If you can list one thing he's said that was both insightful, and thoroughly critical, well shit -- I might have to give you a slender bit of footing on which to stand.

Dividist said...

Let' replay the tape HSF. You posted a comment saying "He didn't start criticizing Democrats until Jan 2013" I posted two links showing that you are factually wrong, that he was very critical of Obama on civil rights issues within two months of Obama taking office in 2009 and explained how you could find many more examples since.

Now, you are complaining that he is not critical enough, only "85%" as critical of Obama as you think he should be. That's kind of ridiculous, and if you actually read his quotes - inaccurate:

GG on Obama's Libya War Action 2011:
"..what is undeniable is that Obama could have easily obtained Congressional approval for this war -- just as Bush could have for his warrantless eavesdropping program -- but consciously chose not to, even to the point of acting contrary to his own lawyers' conclusions about what is illegal. Other than the same hubris -- and a desire to establish his power to act without constraints -- it's very hard to see what motivated this behavior."
GG on Obama's claims to supercede judicial review of classified documents:
"The brief filed by Obama on Friday afternoon has to be read to believed. It is literally arguing that no court has the power to order that classified documents be used in a judicial proceeding; instead, it is the President -- and the President alone -- who possesses that decision-making power... That's about as clear as it gets. There is only one branch with the power to decide if these documents can be used in this Article III court proceeding: The Executive. What the President decides is final. His decision is unreviewable. It's beyond the reach of the law. No court has the authority to second-guess it or to direct the President to comply with a disclosure order. That's the mentality"
His more recent comments are even more critical. If that's "85%" I'm good with 85%.

Regarding my "GG fanclub", please note I am also citing/linking Rand Paul and Freedomworks (Koch Bros)lawsuit/criticism which is presumably more to your liking.

Bottom line, Greenwald is constitutional lawyer and a progressive. That makes his critique of Obama executive overreach far more effective, credible and damaging than criticism levied by those whose motivation can be painted as partisan hackery or Obama Derangement Syndrome.

If you can't see that because your personal animus for Greewald overrides your rational faculties, I can't help you.

Hugh Fuller Schitte said...

Oh. Forgive me.

I didn't realize a minor quibble on a tiny area of process was a serious criticism of the entire Obama administration. If that's the kind of "proof" you find for GG being a heroic critic, no wonder you think you "can't help me." You can't even help yourself!

So let's recap.

I ask you to prove GG is a staunch critic of Obama and the Democrats prior to 2013.

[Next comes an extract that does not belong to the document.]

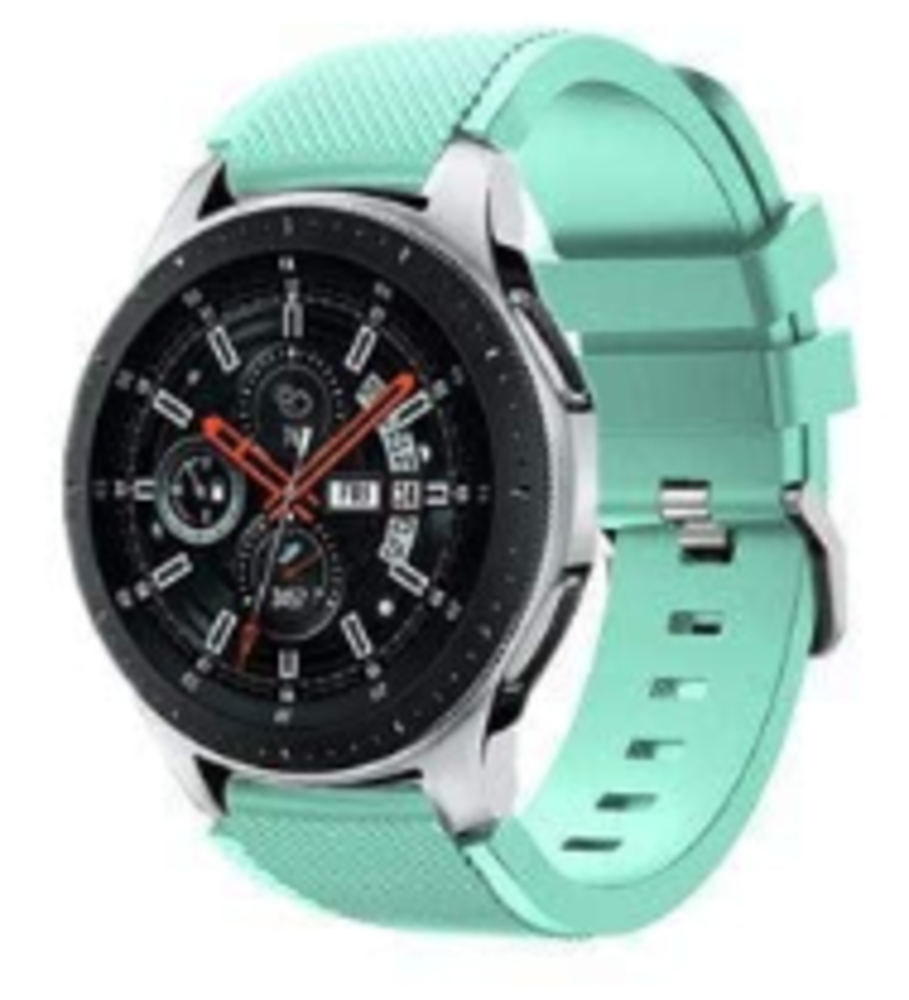 Samsung Galaxy Watch silicone bandje (aqua)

You offer a tepid wishy-washy statement in which GG says Obama could have chosen a different procedural bit of rhetorical gamesmanship.

So in your world, "criticizing" Obama can be as mild as saying his shoes didn't match his belt.

Gotcha.

For a satirist, you sure do lack satirical chops and for a political analyst, you sure do lack analytic chops.

But I am sure you amuse yourself with this blog, and that's really all that matters. Keep smiling at that guy in the mirror!